The current summarize() module uses TF_IDF scoring mechanism to summarize the given raw text data.

saramsh.summarize(data, title) [source]



Parameters :
  • data : raw text data

    All the pre-processing is taken care by the summarize() itself.

  • title : raw title of the provided data

    Title is currently not used in generating summary.

Attributes :
  • tf_ : term frequency [ndArray]

    Matrix containing how many times each word repeated in a sentence.And the values are normalized by dividing with length of unique words in each sentence.

  • idf_ : inverse document frequency [ndArray]

    Single row matrix containing idf scores.

  • tf_idf_ : TF*IDF matrix [ndArray]

    Matrix obtained by multiplying tf into idf matrices.

  • sentenceScores_ : scores of each sentence [list]

    Scores of each sentence in the given data.

  • summary : generated summary [string]

    The summary generated using TF-IDF scores.



Notes :
  • TF : Term frequency

    Term_frequency = (Number of times a term 't' occurs in a sentence) / (Total number of unique words in that sentence)

  • IDF : Inverse document frequency

    Inverse_document_frequency = log((Total number of documents)+1 / (Number of documents in which term 't' appears)+1)

  • There are other schemes for both TF and IDF, which can be understood from here : [click here]


Methods :

Here is a class diagram, containing all the methods within the saramsh package.

methods


A typical workflow :

Below is an workflow of how the module generates summary using the given data.

View
methods


Sample code :

Below is simple starter code :


Data was taken from this article : [click here for article]
This is an inshorts summary of above article : [click here fro inshort summary]

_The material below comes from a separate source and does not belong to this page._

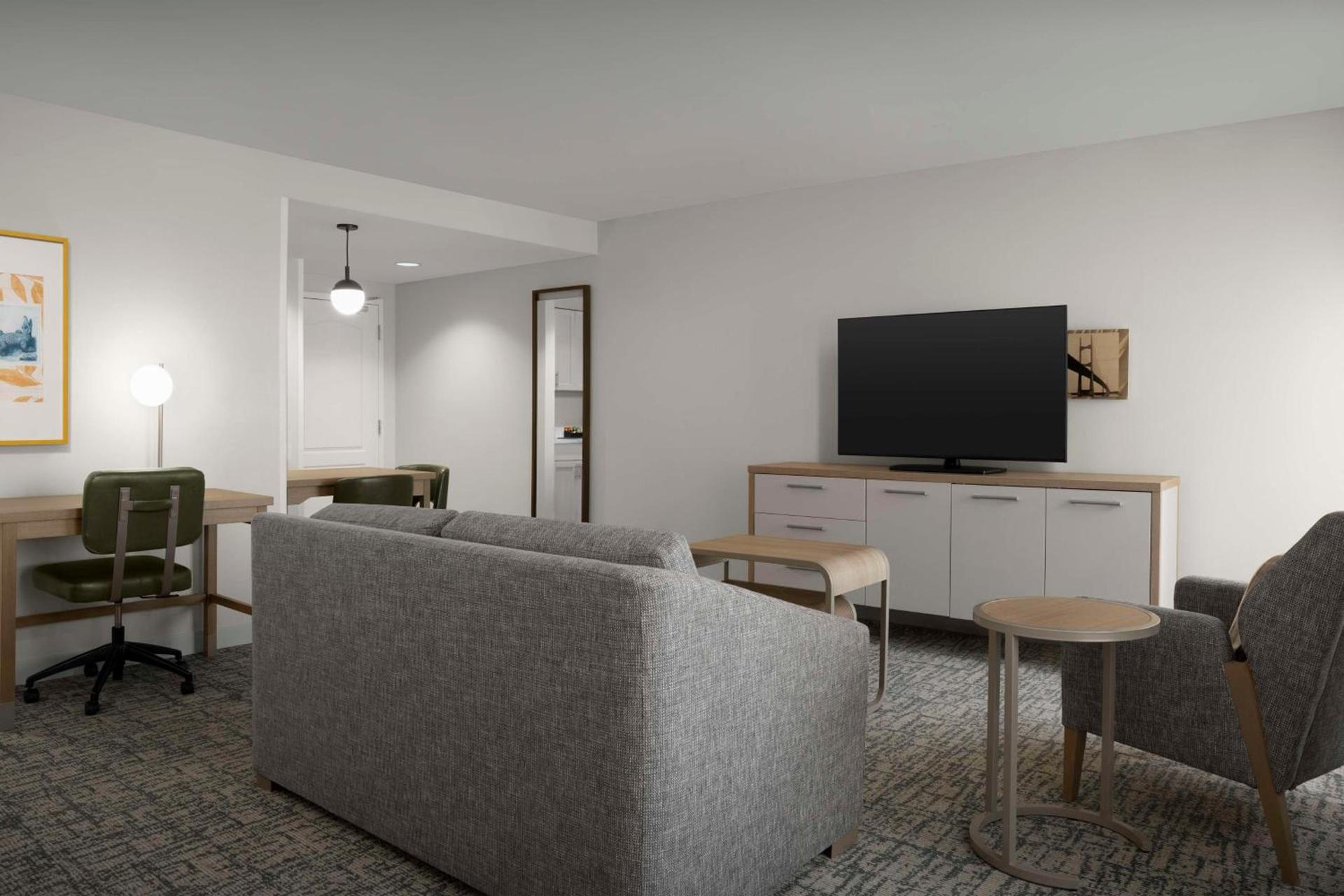Homewood Suites by Hilton Jacksonville-Downtown/Southbank photo 22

>>> from saramsh_package.saramsh import Saramsh
>>> sm = Saramsh(data , title)
>>> sm.summarize()
0.9810933498889896

Divya Dutta: ‘I once lost a role because I was told I am fair’

She wants to do your role.Earlier, we used to say chhota role nahi karenge.I never said that, but I have seen girls say it.Now they say chhota hai, koi baat nahi, impactful hai na?Divya herself had to colour her skin for Delhi 6.They were looking for a village woman who is darker.They told me you suit the role completely.I asked then why am I not doing it?They replied you are too fair for the role.But I am an actor.I was darkened for Delhi 6.